Since the MSE involves squared errors, the units of MSE are the units of the outcome variable \(y\) squared. Let’s instead obtain a measure of error whose units match the units of y.
You do this via the root mean squared error, or RMSE, which is the square-root of the MSE.
# Root mean squared error
get_regression_points(model_price_1) %>%
mutate(sq_residuals = residual^2) %>%
summarise(mse = mean(sq_residuals)) %>%
mutate(rmse = sqrt(mse)) %>%
kable(digits = 2,
align = "l",
caption = "RMSE for Model 1")
| mse | rmse |
|---|---|
| 0.03 | 0.16 |
Note the added mutate() line of code to compute the sqrt(). This can be thought of as the “typical prediction error” our model will make and its units match the units of the outcome variable \(y\). While the interpretation in our case of the units of log10 dollars might not be immediately apparent to everyone, you can imagine in many other cases it being very useful for these units match.
Let’s now assess the quality of the predictions of log10_price for the two new houses you saw in the previous chapter.
new_houses <- data_frame(
log10_size = c(2.9, 3.6),
condition = factor(c(3, 4))
)
new_houses %>%
kable(digits = 2,
align = "l",
caption = "New Houses Predictions")
| log10_size | condition |
|---|---|
| 2.9 | 3 |
| 3.6 | 4 |
Recall that you apply the get_regression_points() function to model_price_3, but also with the newdata argument set to new_houses.
# Get predictions
get_regression_points(model_price_3,
newdata = new_houses) %>%
kable(digits = 2,
align = "l",
caption = "Get Regression Points for New Houses using Model 3")

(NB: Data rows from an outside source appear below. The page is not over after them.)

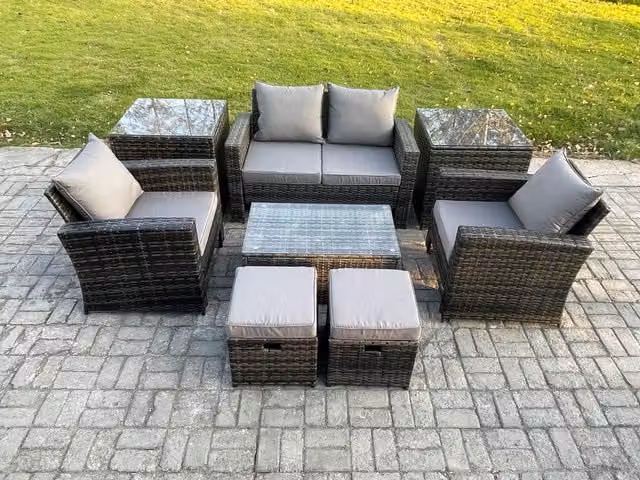 Fimous 6 Seater Dark Grey Rattan Garden Furniture Set with Rectangular Coffee Table and 2 Side Tables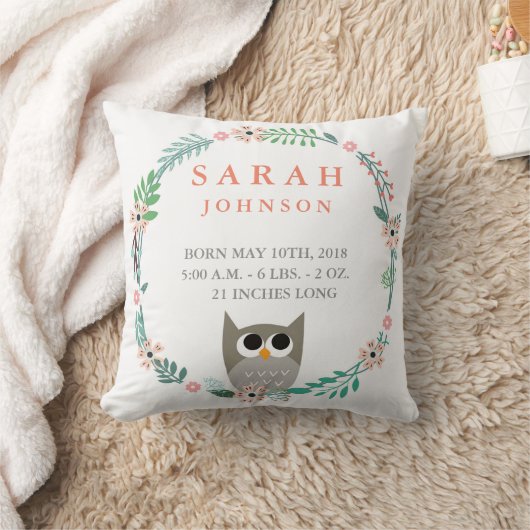 Woodland Forest Birth Stats Owl Nursery Pillow Kussen (Deken)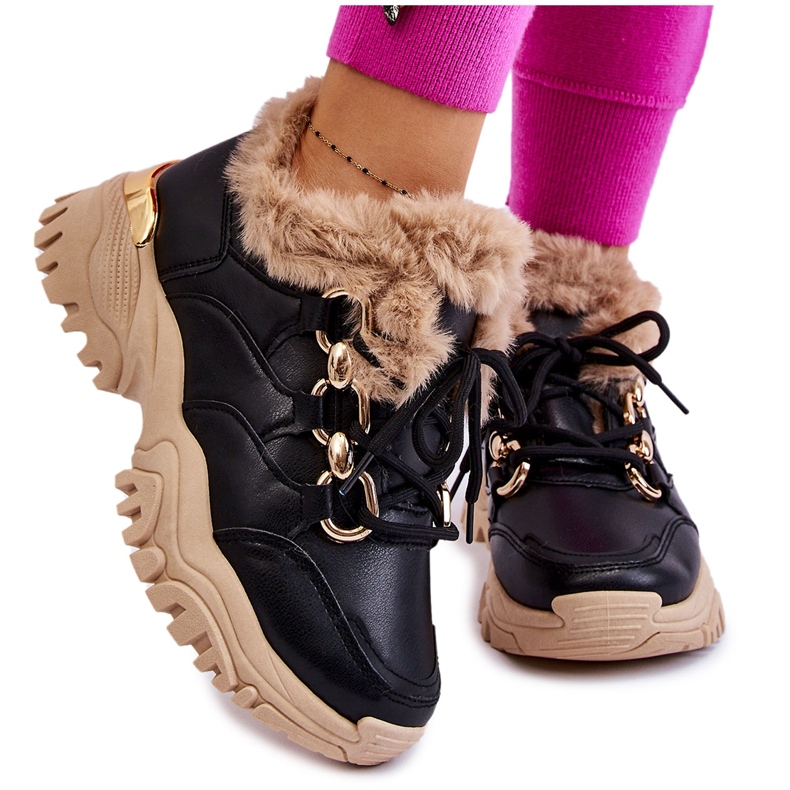 PM1 Pantofi sport izolați damă cu șireturi Kerberos negru bej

| ID | log10_size | condition | log10_price_hat |
|---|---|---|---|
| 1 | 2.9 | 3 | 5.34 |
| 2 | 3.6 | 4 | 5.94 |
You thus obtain predicted values log10_price_hat of 5.34 and 5.94. Now let’s take this output and compute the RMSE by taking the residual, squaring them, taking the mean not the sum, and then square rooting.
# Compute RMSE
get_regression_points(model_price_3,
newdata = new_houses) %>%
mutate(sq_residuals = residual^2) %>%
summarise(mse = mean(sq_residuals)) %>%
mutate(rmse = sqrt(mse))
You get the following error message:
Error in mutate_impl(.data, dots) :
Evaluation error: object 'residual' not found.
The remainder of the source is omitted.